┌──

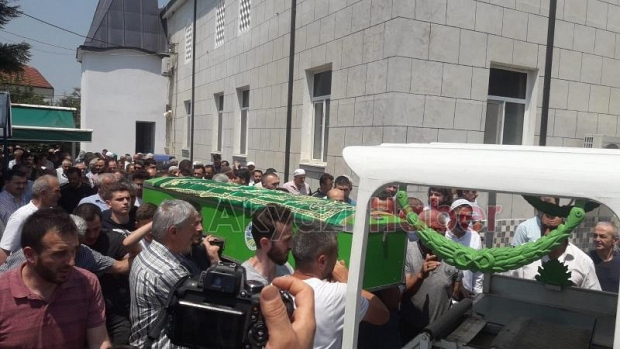 Akyazılı Motosiklet tutkunu Hasan Baştan gözyaşlarıyla defnedildi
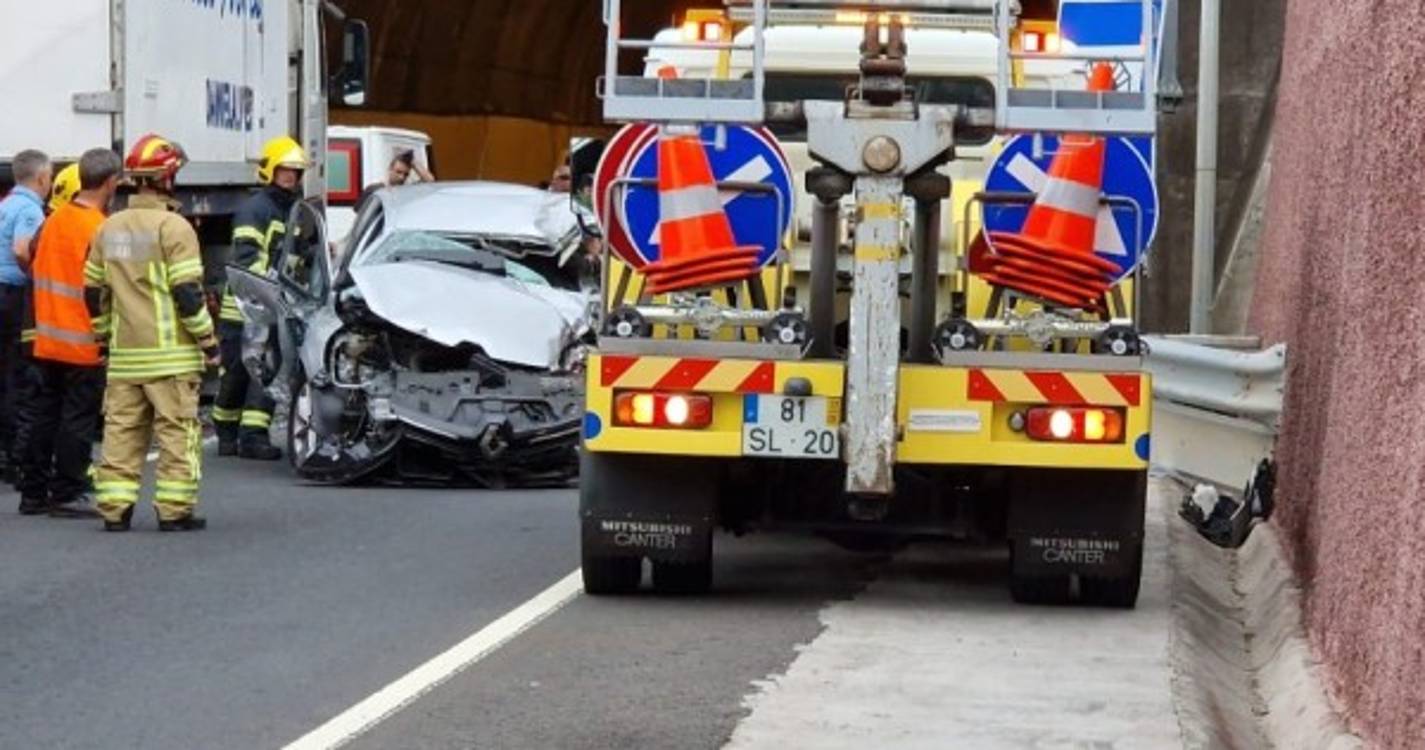 Acidente à entrada do túnel do Cabo Girão causa um ferido
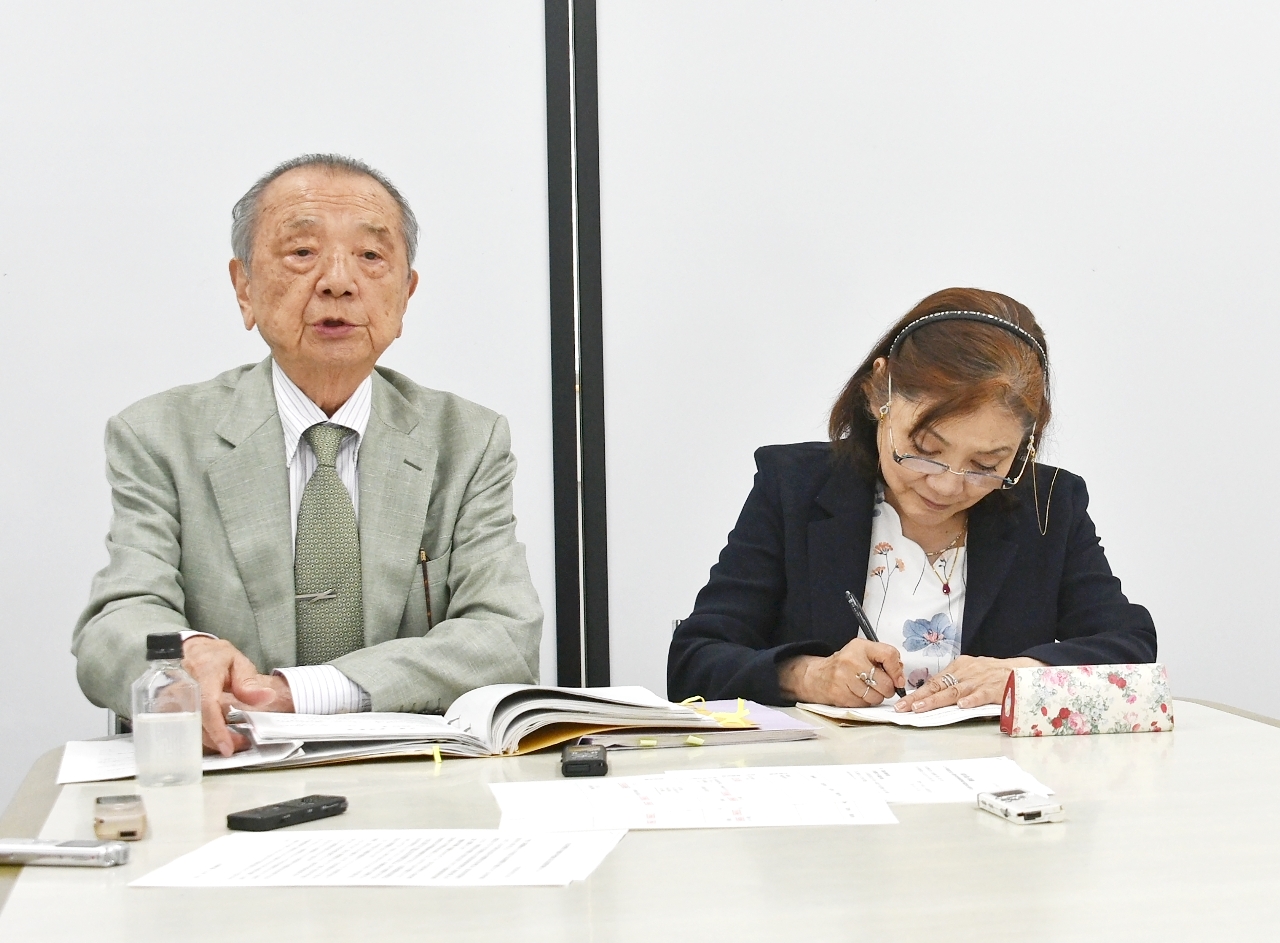 会見する浅石紘爾代表（左）＝２０日、青森市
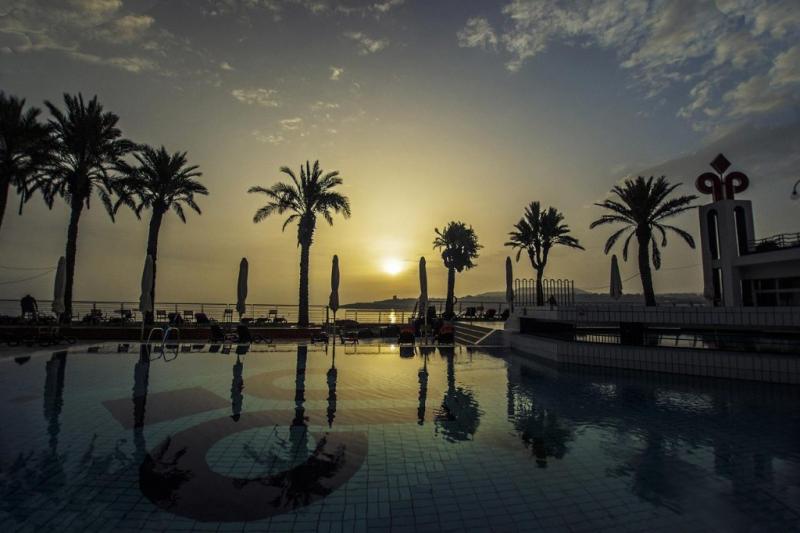 Málta Qawra utazás Hotel Qawra Palace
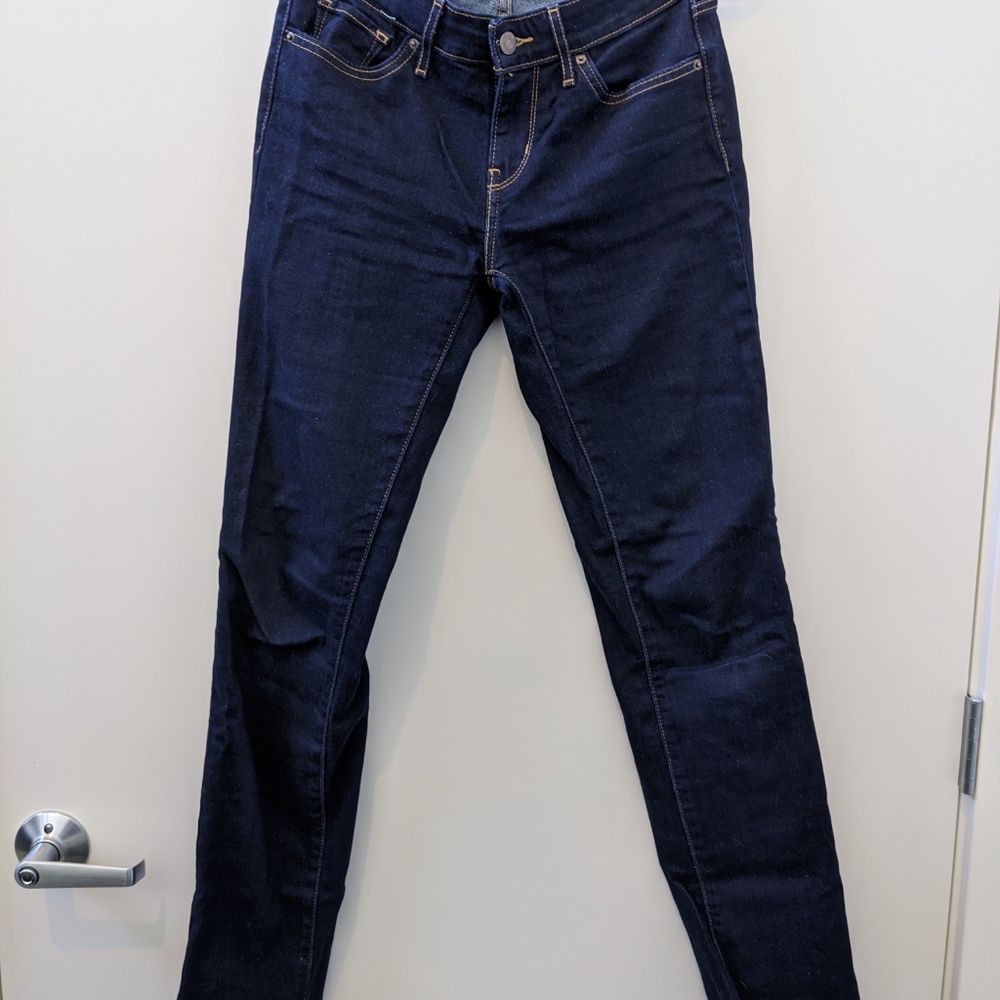 Levi's Women's 712 Slim Jean Dark Wash Size 26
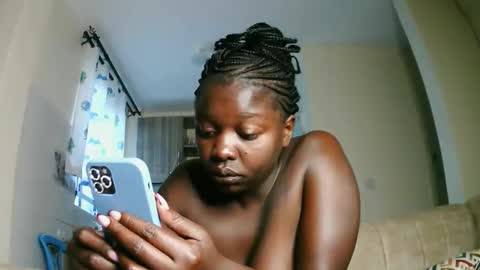 prettyreen online show from October 17, 4:49 am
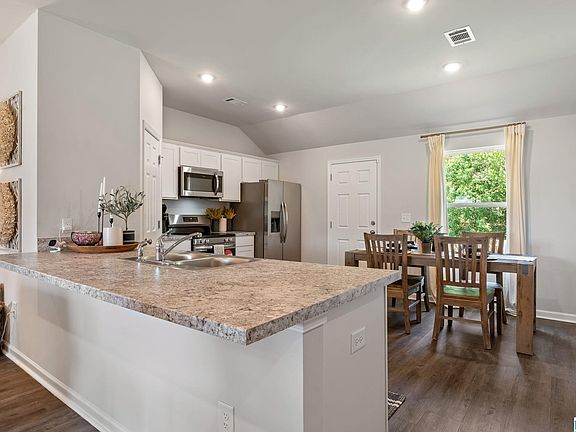 7th image of this home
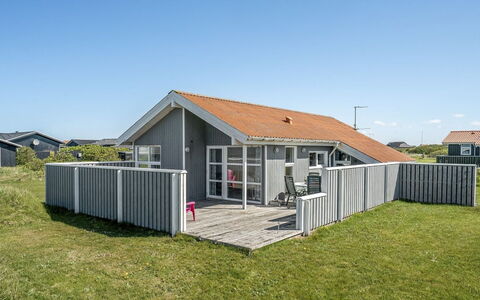 Thorbiorn - 350M from the Sea: Maison, Domicile, Toit, Zone Résidentielle, Chalet, Biens, Ferme, Pelouse, Aménagement Paysager, Siding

└──

_Your objective:_ Using the listing above, write out exactly the lines from the one that holds "prettyreen online show" through the last line, both included, and omit pictures.

_Output:_
 prettyreen online show from October 17, 4:49 am
 7th image of this home
 Thorbiorn - 350M from the Sea: Maison, Domicile, Toit, Zone Résidentielle, Chalet, Biens, Ferme, Pelouse, Aménagement Paysager, Siding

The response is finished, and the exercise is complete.